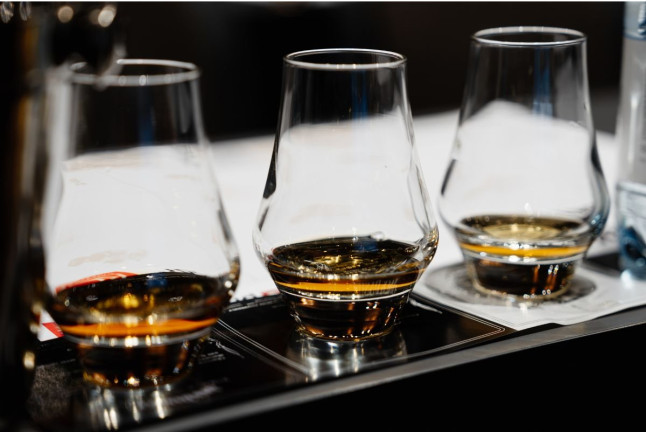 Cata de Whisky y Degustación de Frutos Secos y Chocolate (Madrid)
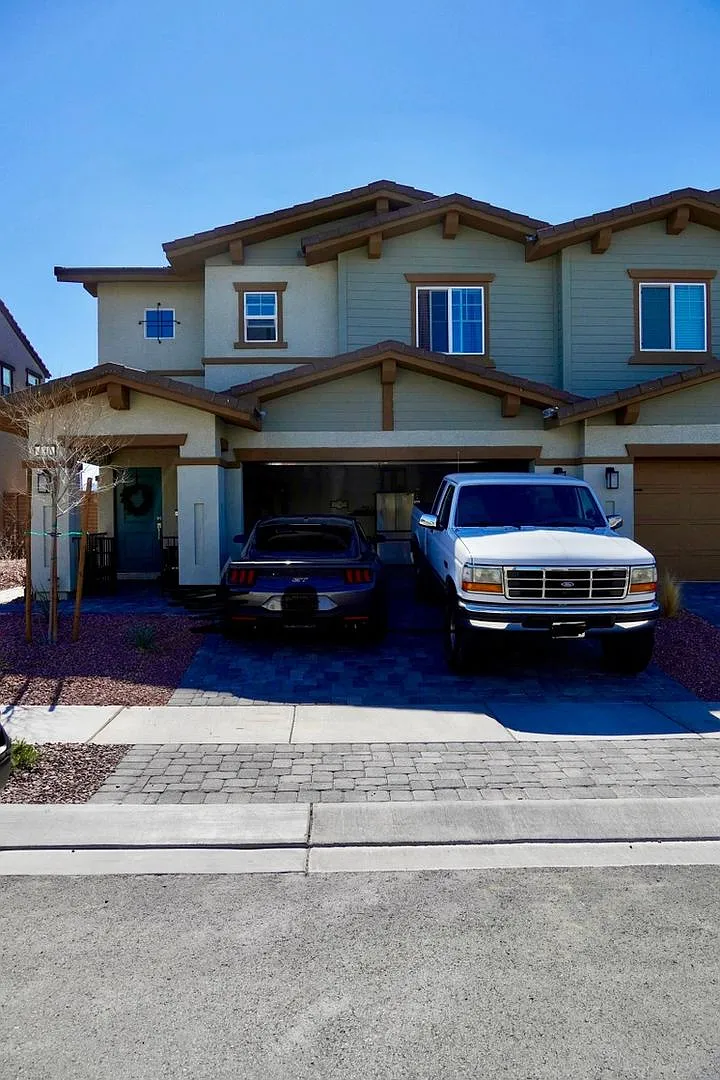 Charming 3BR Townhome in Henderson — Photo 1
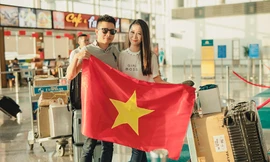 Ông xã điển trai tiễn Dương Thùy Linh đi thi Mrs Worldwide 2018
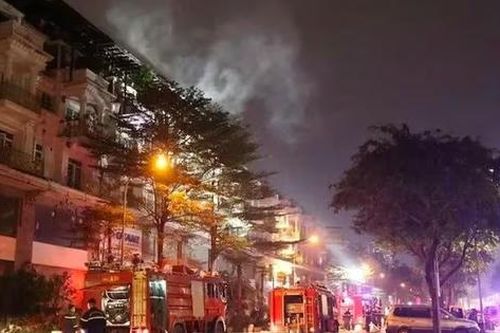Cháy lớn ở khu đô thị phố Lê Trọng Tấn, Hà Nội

────────────────────────────────────────

◆ **REQUIRED ACTION**: The data must be printed exactly, image-free.

◆ **PROBLEM SOLUTION**:
 Cata de Whisky y Degustación de Frutos Secos y Chocolate (Madrid)
 Charming 3BR Townhome in Henderson — Photo 1
 Ông xã điển trai tiễn Dương Thùy Linh đi thi Mrs Worldwide 2018
Cháy lớn ở khu đô thị phố Lê Trọng Tấn, Hà Nội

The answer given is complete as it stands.